はるるんの後を追おうとその場から立ち上がろうとした瞬間、グラッと視界が揺れる。
「あっ……」
自分の口から漏れでた声が、声になったのか、なっていないのかすらもう理解出来なくて、真っ白な世界へと変わっていく。
色が消えていく。
「森山さん!!」
最後の色が消える瞬間、誰かに名前を呼ばれた気がしたが、それが誰なのかも分からないまま私は意識を手放した。
ーーーーー……………
ざわざわと騒がしいお祭りの音は聞こえて来るのに、私の側には誰も知っている人がいない。
「おかあさーん!」
大声でそう叫ぶも、誰にも私の声なんて届いていないのか、周りにいる人は見向きもしない。
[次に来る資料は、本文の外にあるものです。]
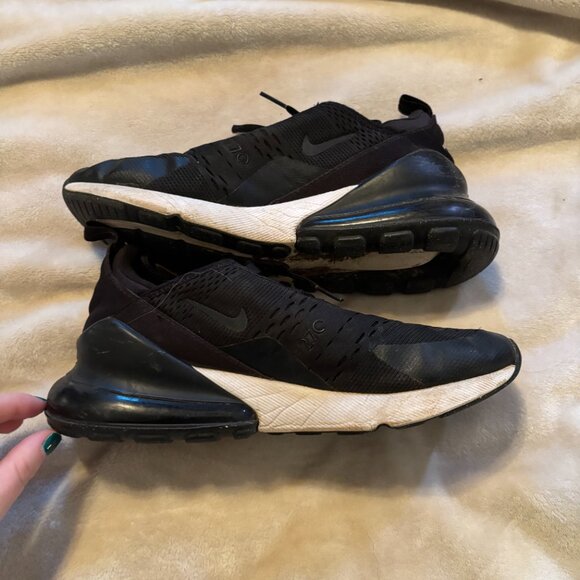 270 Air Max Nike Sneakers - Picture 2 of 3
ひっく、ひっくとしゃくりあげながら泣きじゃくりその場に屈み込んでしまった私の目に映るのは、大人の足。
その時、私の前で一つの足が止まった。
母かと思って顔を上げてみたが、その人は母ではない全く知らない人だ。
なのだが、その人の醸し出す雰囲気は余りにも優しくて温かだったから、
「どうしたの、お嬢ちゃん迷子かい?」
そう優しい声音で聞かれれば、コクッと首を縦に振る。